DATA PROVIDED:
---

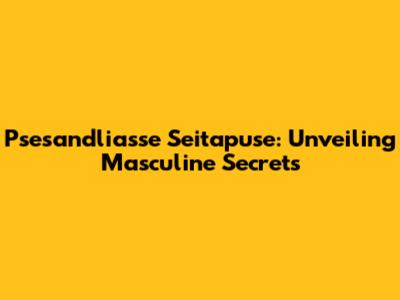 Psesandliasse Seitapuse: Unveiling Masculine Secrets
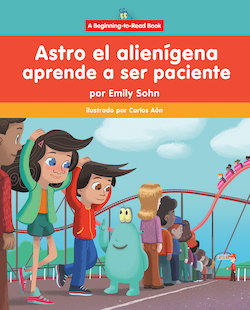 Astro el alieni­gena aprende a ser paciente: Astro the Alien Learns about Patience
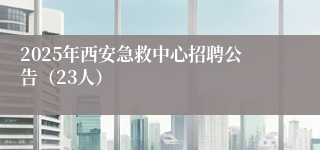 2025年西安急救中心招聘公告（23人）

---

TASK DIRECTIONS: None of the pictures should appear; copy the rest of the material above exactly.

TASK RESPONSE:
 Psesandliasse Seitapuse: Unveiling Masculine Secrets
 Astro el alieni­gena aprende a ser paciente: Astro the Alien Learns about Patience
 2025年西安急救中心招聘公告（23人）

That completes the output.